Para la década del setenta, no sólo habían nacido nuevos barrios, sino que lo surgidos en las anteriores se habían consolidado, aumentado su densidad poblacional y estrechado su relación con el tejido urbano mayor. Estas nuevas circunstancias, dieron lugar a nuevos actores (escolares, jóvenes, madres de familia, inquilinos, tenderos) y a nuevas demandas: parques, canchas deportivas, sala cunas, escuelas, vías, transporte, etc. en una convulsionada coyuntura política donde la irrupción de nuevos grupos de izquierda, la agitación universitaria, la politización del magisterio y de algunos sectores de la iglesia, llevó a muchos activistas (partidarios o no) a hacer presencia en los barrios. La lucha contra la Avenida de los Cerros (1971-1974), los paros zonales por transporte y el Paro Cívico de 1977 ejemplarizan esta nueva experiencia de protesta social desde los barrios.
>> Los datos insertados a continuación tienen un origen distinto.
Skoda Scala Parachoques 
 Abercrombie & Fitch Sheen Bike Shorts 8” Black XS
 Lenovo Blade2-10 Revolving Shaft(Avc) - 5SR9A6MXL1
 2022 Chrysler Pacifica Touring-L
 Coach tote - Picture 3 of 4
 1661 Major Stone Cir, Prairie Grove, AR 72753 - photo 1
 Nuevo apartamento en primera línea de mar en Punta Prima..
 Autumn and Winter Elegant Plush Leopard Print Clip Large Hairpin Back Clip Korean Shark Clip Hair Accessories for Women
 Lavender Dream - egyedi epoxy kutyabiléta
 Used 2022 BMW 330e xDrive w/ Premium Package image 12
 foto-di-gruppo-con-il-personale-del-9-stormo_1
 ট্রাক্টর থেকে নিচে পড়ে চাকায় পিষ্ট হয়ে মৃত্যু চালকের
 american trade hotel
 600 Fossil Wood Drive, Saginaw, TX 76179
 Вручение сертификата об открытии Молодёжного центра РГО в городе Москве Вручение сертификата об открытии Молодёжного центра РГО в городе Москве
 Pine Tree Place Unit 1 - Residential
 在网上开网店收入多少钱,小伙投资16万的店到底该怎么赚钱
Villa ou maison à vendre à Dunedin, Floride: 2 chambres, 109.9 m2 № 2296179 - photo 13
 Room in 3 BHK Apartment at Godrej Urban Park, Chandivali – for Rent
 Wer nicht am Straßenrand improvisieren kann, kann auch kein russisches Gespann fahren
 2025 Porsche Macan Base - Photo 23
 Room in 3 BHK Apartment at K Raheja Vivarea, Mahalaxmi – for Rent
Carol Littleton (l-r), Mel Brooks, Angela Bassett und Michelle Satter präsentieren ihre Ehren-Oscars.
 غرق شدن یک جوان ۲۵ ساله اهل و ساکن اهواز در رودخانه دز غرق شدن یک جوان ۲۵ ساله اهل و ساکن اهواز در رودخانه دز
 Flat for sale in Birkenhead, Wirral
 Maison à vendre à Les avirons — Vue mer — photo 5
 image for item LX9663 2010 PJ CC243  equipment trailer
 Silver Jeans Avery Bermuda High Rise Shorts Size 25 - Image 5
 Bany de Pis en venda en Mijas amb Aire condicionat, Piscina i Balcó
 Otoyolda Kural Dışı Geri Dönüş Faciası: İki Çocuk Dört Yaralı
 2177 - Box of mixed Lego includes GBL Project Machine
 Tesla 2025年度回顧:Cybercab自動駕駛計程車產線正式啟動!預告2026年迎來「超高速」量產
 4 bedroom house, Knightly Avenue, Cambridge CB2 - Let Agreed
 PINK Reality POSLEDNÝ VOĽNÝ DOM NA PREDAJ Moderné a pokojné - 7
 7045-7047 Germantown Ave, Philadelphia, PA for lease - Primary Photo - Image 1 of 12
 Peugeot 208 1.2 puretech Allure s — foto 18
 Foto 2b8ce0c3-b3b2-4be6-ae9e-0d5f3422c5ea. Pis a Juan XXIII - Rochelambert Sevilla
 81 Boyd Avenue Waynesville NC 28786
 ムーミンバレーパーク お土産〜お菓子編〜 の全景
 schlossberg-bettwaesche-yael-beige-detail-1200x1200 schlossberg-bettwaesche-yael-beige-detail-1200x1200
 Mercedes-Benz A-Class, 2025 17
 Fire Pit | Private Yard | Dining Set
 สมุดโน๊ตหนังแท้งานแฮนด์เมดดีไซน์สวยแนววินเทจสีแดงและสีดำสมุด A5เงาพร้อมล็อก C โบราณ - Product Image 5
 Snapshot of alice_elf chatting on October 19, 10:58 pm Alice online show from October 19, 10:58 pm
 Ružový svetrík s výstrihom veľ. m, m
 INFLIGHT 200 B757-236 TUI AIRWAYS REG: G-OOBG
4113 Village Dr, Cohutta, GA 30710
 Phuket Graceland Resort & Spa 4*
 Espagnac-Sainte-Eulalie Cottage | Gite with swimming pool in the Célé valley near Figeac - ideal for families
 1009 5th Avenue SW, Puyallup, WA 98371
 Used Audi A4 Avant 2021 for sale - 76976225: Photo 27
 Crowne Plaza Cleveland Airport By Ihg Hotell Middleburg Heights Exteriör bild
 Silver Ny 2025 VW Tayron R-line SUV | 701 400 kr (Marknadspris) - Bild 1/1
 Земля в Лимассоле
Para el año de 1977, Bogotá era ya una urbe con tres millones y medio de habitantes y ocupa una extensión de 30.886 hectáreas. Sin embargo, el crecimiento no se detenía aunque a un ritmo menor con respecto a los años previos; durante la siguiente década, la proliferación de asentamientos populares se concentró en algunas zonas (Ciudad Bolívar, Bosa – Soacha y Suba), las cuales fueron también los escenarios privilegiados de la aparición de nuevas formas de organización barrial y de estrategias inéditas para presionar sus demandas.
Junto a los barrios piratas, surgieron algunas invasiones de hecho y urbanizaciones por iniciativa de Cooperativas o Asociaciones de Vivienda populares; en algunas de estas se han podido experimentar formas de participación popular y comunitaria más avanzadas, tanto en el diseño y la construcción, como en la organización posterior de sus habitantes del barrio; es el caso de los barrios impulsados por el exsacerdote Saturnino Sepúlveda a través de sus Empresas Comunitarias y de las organizaciones de viviendistas nucleadas en torno a Fedevivienda.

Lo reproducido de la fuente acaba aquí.